After determining that the companies had moved too slowly in recalling more than 1.6 million potentially affected vehicles, NHTSA assessed up to $210 million in penalties. It also required Kia to establish a new safety office and Hyundai to spend at least $25 million on a U.S.-based test laboratory. The new lab ended up costing twice that—Michajlyszyn says the tab came in at $51.4 million—and the company is donating another $50 million to EMU to develop STEM programs at area schools.

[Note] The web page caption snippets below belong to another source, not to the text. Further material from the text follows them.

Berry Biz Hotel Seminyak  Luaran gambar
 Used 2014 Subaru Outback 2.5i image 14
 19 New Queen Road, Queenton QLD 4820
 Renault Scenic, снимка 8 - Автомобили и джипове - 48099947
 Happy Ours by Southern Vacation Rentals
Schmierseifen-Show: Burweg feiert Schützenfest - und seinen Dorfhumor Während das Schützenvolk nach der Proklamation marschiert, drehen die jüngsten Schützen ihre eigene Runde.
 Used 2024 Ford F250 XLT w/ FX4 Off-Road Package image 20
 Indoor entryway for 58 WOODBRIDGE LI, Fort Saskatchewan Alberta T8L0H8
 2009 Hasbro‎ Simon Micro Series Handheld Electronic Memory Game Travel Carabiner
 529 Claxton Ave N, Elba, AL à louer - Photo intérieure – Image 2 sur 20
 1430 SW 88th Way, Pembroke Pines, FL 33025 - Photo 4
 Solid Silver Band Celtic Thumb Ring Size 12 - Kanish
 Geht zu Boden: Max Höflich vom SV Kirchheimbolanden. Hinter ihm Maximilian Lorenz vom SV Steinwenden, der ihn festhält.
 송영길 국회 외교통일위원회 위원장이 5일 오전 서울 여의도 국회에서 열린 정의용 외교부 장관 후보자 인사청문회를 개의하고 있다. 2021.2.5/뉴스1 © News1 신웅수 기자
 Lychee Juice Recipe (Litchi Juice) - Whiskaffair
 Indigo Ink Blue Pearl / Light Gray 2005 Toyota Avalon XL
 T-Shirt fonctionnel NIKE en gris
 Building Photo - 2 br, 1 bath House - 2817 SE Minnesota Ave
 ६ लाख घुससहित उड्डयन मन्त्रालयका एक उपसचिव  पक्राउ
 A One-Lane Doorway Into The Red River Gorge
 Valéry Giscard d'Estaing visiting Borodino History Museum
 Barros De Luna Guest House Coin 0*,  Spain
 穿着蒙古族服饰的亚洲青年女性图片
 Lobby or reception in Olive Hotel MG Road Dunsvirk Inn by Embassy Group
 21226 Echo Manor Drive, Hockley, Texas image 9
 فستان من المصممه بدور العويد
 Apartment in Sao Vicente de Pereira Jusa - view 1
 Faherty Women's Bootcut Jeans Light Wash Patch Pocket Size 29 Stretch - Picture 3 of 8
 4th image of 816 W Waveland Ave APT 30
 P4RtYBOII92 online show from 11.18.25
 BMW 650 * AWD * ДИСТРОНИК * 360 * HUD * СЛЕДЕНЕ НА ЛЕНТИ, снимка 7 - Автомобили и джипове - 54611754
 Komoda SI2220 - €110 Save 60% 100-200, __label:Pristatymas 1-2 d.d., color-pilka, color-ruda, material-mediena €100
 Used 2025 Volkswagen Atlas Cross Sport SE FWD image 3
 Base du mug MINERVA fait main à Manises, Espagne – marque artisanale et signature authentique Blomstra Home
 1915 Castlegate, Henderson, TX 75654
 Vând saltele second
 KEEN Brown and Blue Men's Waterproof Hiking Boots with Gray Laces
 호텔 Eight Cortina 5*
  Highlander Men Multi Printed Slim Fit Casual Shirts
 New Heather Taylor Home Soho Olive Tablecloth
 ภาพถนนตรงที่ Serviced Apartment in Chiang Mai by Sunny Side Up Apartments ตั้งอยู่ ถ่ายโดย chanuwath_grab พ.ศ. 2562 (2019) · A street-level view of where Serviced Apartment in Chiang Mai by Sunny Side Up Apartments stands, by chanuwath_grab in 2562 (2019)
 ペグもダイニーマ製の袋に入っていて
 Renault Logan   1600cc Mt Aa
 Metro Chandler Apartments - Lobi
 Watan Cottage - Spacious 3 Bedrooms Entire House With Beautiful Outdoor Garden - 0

“The company decided to focus on safety for our customers and others who interact with our products,” Michajlyszyn says, “The intent is to be the leader in automotive safety. We want to protect our customers and who they interact with when using the roadways or interfacing with our vehicles.”
At a September ribbon-cutting, state rep Jason Morgan said he hopes the new center will help “Ann Arbor’s very strong commitment to Vision Zero and ensuring that we have no pedestrian deaths in our community” by 2025. The best way to do that, he says, “is to make sure that our cars have the safety equipment that prevents them from hitting a pedestrian.
“We could do all the other infrastructure to protect people. But at the end of the day, if the car can be smarter than a person and brake itself, that seems like a winning solution for everyone.”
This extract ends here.